#### The problem:
Starting at the top of the entries below, print each line exactly until the line with "My Pet Sitter is a Futanari" has been printed too.

[Excerpts from a dataset]
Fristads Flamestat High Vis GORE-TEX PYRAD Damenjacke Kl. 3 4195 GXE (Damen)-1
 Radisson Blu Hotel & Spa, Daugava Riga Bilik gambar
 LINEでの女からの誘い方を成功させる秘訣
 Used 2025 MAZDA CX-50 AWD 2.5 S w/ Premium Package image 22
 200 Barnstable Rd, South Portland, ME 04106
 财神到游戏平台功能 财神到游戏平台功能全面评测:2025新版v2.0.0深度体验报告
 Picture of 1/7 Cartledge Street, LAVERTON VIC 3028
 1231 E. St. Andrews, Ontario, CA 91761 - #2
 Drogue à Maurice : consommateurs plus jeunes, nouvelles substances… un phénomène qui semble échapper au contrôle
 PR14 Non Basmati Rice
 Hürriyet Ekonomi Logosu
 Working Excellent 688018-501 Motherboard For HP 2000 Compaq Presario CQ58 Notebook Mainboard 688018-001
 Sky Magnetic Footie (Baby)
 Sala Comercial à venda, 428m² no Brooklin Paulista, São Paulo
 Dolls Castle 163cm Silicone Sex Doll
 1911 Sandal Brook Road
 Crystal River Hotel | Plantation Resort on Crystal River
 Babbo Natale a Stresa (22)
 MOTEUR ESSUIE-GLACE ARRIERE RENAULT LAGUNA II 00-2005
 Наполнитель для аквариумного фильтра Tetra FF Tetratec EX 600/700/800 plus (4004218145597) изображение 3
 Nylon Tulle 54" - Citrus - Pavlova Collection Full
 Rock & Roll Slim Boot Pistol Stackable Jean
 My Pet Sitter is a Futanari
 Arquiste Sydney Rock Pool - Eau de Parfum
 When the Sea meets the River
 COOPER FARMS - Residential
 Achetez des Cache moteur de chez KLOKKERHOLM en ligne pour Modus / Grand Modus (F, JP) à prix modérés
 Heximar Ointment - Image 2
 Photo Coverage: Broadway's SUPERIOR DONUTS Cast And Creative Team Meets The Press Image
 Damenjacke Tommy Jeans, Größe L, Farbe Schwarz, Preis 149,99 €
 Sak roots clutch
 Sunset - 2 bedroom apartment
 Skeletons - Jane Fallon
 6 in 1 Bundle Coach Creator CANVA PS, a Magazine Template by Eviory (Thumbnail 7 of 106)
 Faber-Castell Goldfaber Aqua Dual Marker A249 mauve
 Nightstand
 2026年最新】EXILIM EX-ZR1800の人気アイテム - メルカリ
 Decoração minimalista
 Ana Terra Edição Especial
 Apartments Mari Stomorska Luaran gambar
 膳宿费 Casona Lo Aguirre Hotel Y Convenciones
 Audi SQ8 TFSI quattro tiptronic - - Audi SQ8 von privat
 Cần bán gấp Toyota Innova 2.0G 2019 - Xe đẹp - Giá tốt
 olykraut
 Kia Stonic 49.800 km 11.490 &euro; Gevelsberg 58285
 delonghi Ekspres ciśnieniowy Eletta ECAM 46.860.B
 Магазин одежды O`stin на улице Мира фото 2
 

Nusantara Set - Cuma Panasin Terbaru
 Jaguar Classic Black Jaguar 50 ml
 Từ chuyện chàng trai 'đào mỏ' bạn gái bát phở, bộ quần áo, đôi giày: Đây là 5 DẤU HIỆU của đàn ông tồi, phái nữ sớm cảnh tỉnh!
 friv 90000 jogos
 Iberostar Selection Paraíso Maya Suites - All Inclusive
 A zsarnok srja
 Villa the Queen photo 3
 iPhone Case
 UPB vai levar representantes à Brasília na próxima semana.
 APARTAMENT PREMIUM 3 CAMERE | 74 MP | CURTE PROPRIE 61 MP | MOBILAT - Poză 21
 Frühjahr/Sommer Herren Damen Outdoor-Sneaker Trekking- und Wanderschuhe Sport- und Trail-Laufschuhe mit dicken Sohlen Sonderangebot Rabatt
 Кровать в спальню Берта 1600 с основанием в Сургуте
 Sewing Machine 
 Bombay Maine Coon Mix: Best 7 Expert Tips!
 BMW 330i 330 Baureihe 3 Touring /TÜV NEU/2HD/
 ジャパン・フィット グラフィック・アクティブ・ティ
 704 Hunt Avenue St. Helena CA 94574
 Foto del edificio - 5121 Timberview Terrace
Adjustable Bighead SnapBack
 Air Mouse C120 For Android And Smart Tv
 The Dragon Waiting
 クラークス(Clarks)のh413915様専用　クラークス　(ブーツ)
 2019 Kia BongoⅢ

#### Result of this exercise:
Fristads Flamestat High Vis GORE-TEX PYRAD Damenjacke Kl. 3 4195 GXE (Damen)-1
 Radisson Blu Hotel & Spa, Daugava Riga Bilik gambar
 LINEでの女からの誘い方を成功させる秘訣
 Used 2025 MAZDA CX-50 AWD 2.5 S w/ Premium Package image 22
 200 Barnstable Rd, South Portland, ME 04106
 财神到游戏平台功能 财神到游戏平台功能全面评测:2025新版v2.0.0深度体验报告
 Picture of 1/7 Cartledge Street, LAVERTON VIC 3028
 1231 E. St. Andrews, Ontario, CA 91761 - #2
 Drogue à Maurice : consommateurs plus jeunes, nouvelles substances… un phénomène qui semble échapper au contrôle
 PR14 Non Basmati Rice
 Hürriyet Ekonomi Logosu
 Working Excellent 688018-501 Motherboard For HP 2000 Compaq Presario CQ58 Notebook Mainboard 688018-001
 Sky Magnetic Footie (Baby)
 Sala Comercial à venda, 428m² no Brooklin Paulista, São Paulo
 Dolls Castle 163cm Silicone Sex Doll
 1911 Sandal Brook Road
 Crystal River Hotel | Plantation Resort on Crystal River
 Babbo Natale a Stresa (22)
 MOTEUR ESSUIE-GLACE ARRIERE RENAULT LAGUNA II 00-2005
 Наполнитель для аквариумного фильтра Tetra FF Tetratec EX 600/700/800 plus (4004218145597) изображение 3
 Nylon Tulle 54" - Citrus - Pavlova Collection Full
 Rock & Roll Slim Boot Pistol Stackable Jean
 My Pet Sitter is a Futanari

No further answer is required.